15. A system comprising:
a memory comprising instructions; and
a processor configured to execute the instructions which, when executed, cause the processor to:
obtain data related to a heart medical procedure for a patient, the data comprising patient-specific data comprising 3D computational analysis generated from pre-procedural medical imaging, device data related to at least one device to be deployed in the heart medical procedure, and interactive input from medical personnel;
generate, based on the data, options of modification strategies comprising device modifications to the at least one device and anatomical modifications to the patient's anatomy;
simulate the heart medical procedure and generate a simulation outcome for each option of the modification strategies;
select a modification strategy that corresponds to the simulation outcome having a desired heart medical procedure result; and
generate procedural recommendations comprising device deployment instructions and modification parameters to guide the heart medical procedure in real life.
16. The system of claim 15, wherein the at least one device comprises one or more of: a heart valve, a guidewire, a cutting device, an electrosurgical splitter, a catheter, a deployment system of the at least one device, and a left atrial appendage occlusion (LAAO) device.

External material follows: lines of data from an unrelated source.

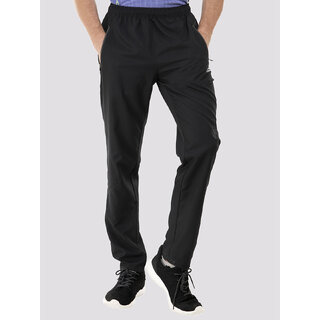 Sprandi track 2025 pants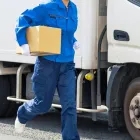 事業内容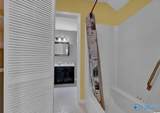 1299 Winter Pl - Photo 14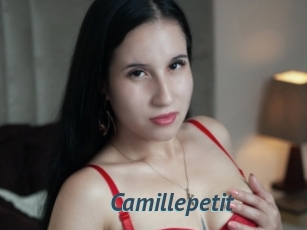 Camillepetit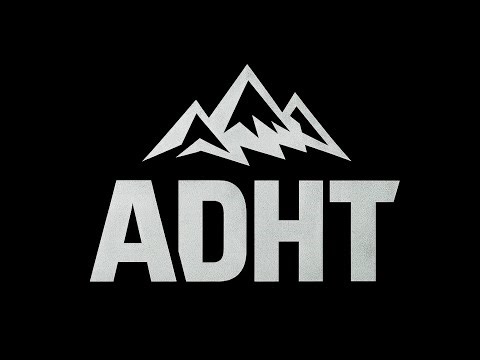 ADHT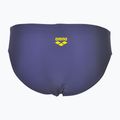 Children's arena Slipstream Brief swim briefs navy blue 000572/703 6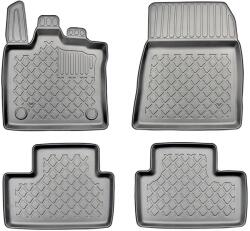 Aristar Covorase tip tavita Renault Captur II PHEV, caroserie SUV, fabricatie 06.2020 - prezent (603480-155)
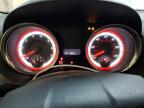 2012 Dodge Grand Caravan Sxt за продажба в Abilene, TX - Front End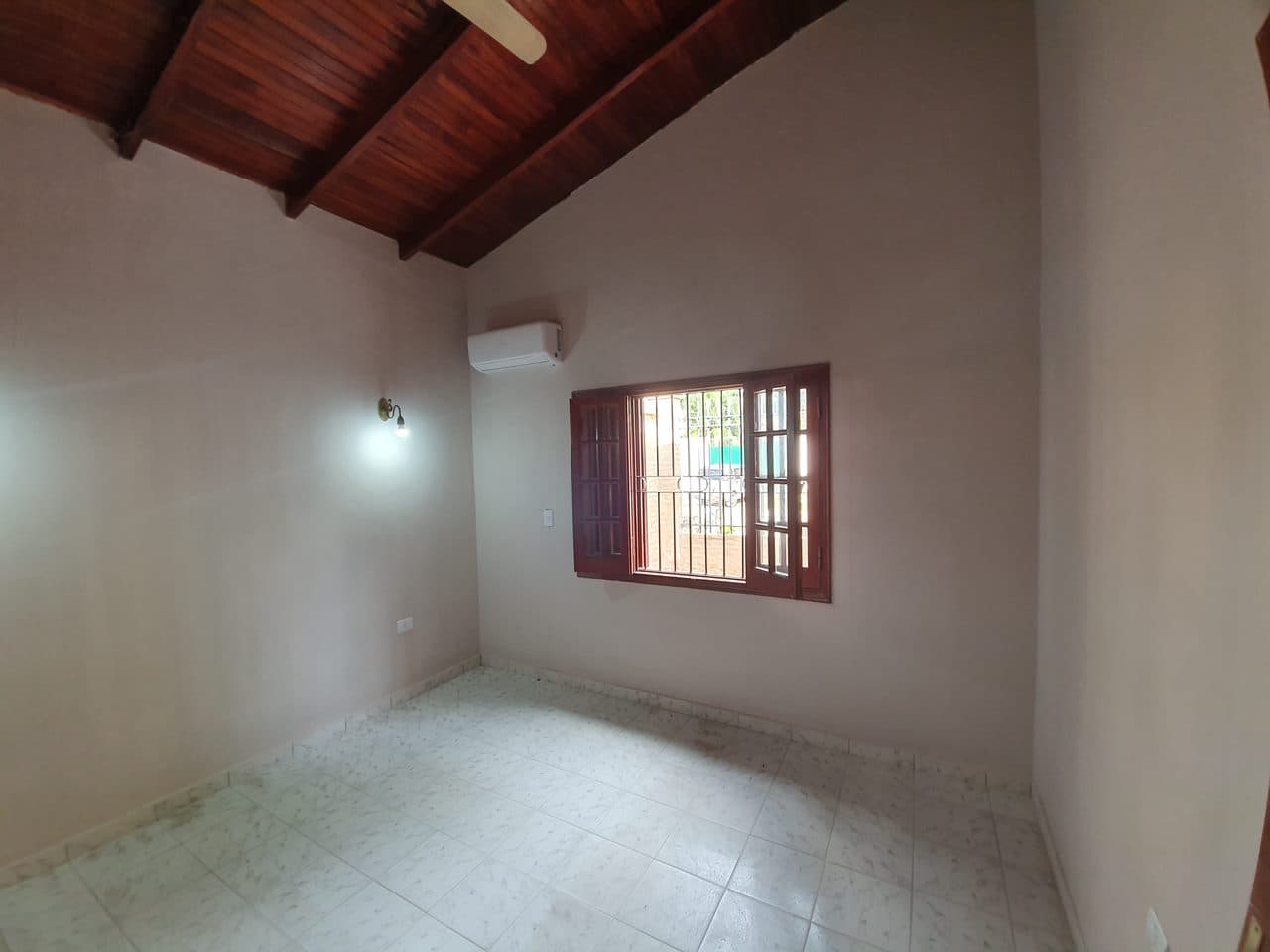 Residencia con excelente ubicación, foto 5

17. The system of claim 15, wherein the data further comprises data communicated in real-time during the heart medical procedure from a sensor system comprising one or more sensors incorporated in the at least one device or a deployment system of the at least one device.
18. The system of claim 15, wherein the anatomical modifications comprise one or more of: splitting, releasing, incising, thinning, scoring, and/or debulking to alternate native leaflets, commissures, raphe tissue, or calcified regions.
19. The system of claim 15, wherein the device modifications comprise one or more of: structural alterations to the at least one device, size or dimensional adjustments of the at least one device, orientational adjustments of the at least one device, alignment adjustments of the at least device, balloon-related modifications for a balloon-expandable implant device, adding sealing elements to a leaflet and/or a skirt of the at least one device.
20. A non-transitory machine-readable storage medium comprising machine-readable instructions for causing a processor to execute a method, the method comprising:
obtaining data related to a heart medical procedure for a patient, the data comprising patient-specific data comprising 3D computational analysis generated from pre-procedural medical imaging, device data related to at least one device to be deployed in the heart medical procedure, and interactive input from medical personnel;
generating, based on the data, options of modification strategies comprising device modifications to the at least one device and anatomical modifications to the patient's anatomy;
simulating the heart medical procedure and generating a simulation outcome for each option of the modification strategies;
selecting a modification strategy that corresponds to the simulation outcome having a desired heart medical procedure result; and
generating procedural recommendations comprising device deployment instructions and modification parameters to guide the heart medical procedure in real life.